The Gate Cafe at Damascus Gate was busy yesterday as the East Jerusalem population emerged from Ramadan. I sat and had a coffee with my friend Haitham and his cousin Abed, talking politics as usual. Two stories emerged that I’d like to share with you. They reflect the complicated identities of Palestinians, Arabs, Jews and Israelis.

I was meeting Abed for the first time so naturally we enquired about our respective origins and families. Abed was visiting from Germany where he had made his home in Frankfurt with his wife and children. Abed is a Muslim, from Jerusalem. Many years ago his wife immigrated to Israel from Germany. Her mother was Jewish and her father a Christian. Abed met his wife in Jerusalem, they fell in love, and were married abroad because marriage between religions is not possible under israeli law. Today they live in Germany because conditions here are not the best for a mixed marriage.

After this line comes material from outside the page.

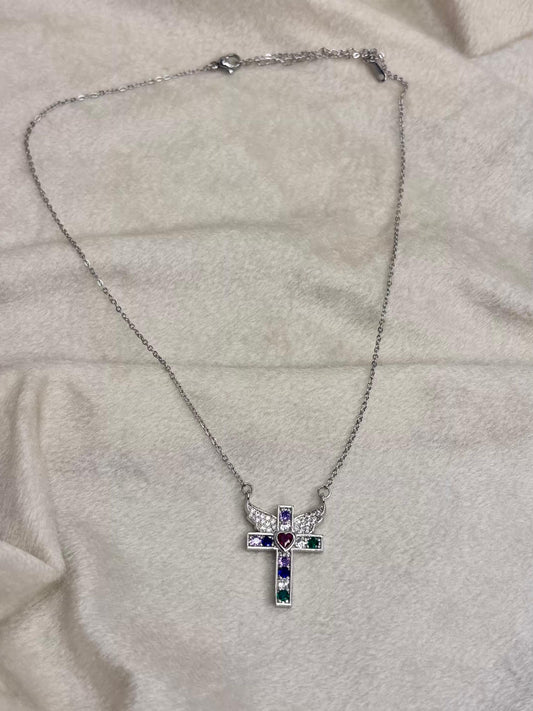 Silver Cross Gemstone Necklace Silver Plated Premium Necklace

The second story I heard was about a Jewish lady who was caught behind Jordanian lines in Jerusalem at the end of the war of 1948 when Jerusalem became divided. East Jerusalem at that time was not a safe place for Jews, and a Muslim, a neighbor of Haitham’s family sheltered the Jewish lady. In the meanwhile the United Nations negotiated a cease fire and rolls of barbed wire separated East and West Jerusalem, with the Jordanians controlling the east, and Israel the west. The Jewish woman settled into life in Jordanian Occupied Jerusalem, and, in time, married the son of her benefactor.

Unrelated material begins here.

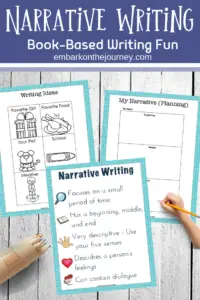 Use picture books to teach narrative writing for kids. These stories and free worksheets will help them learn to tell stories with a personal perspective.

Then in 1967 Israel conquered East Jerusalem and the woman was reunited with her shocked Israeli family. By then her nieces and nephews were in the Israeli military, and her own (Palestinian) children were gearing up to resist the Israeli Occupation.

So what’s the moral of these stories? Perhaps just to show that at a human level we can all get along here, we can even marry and have children together.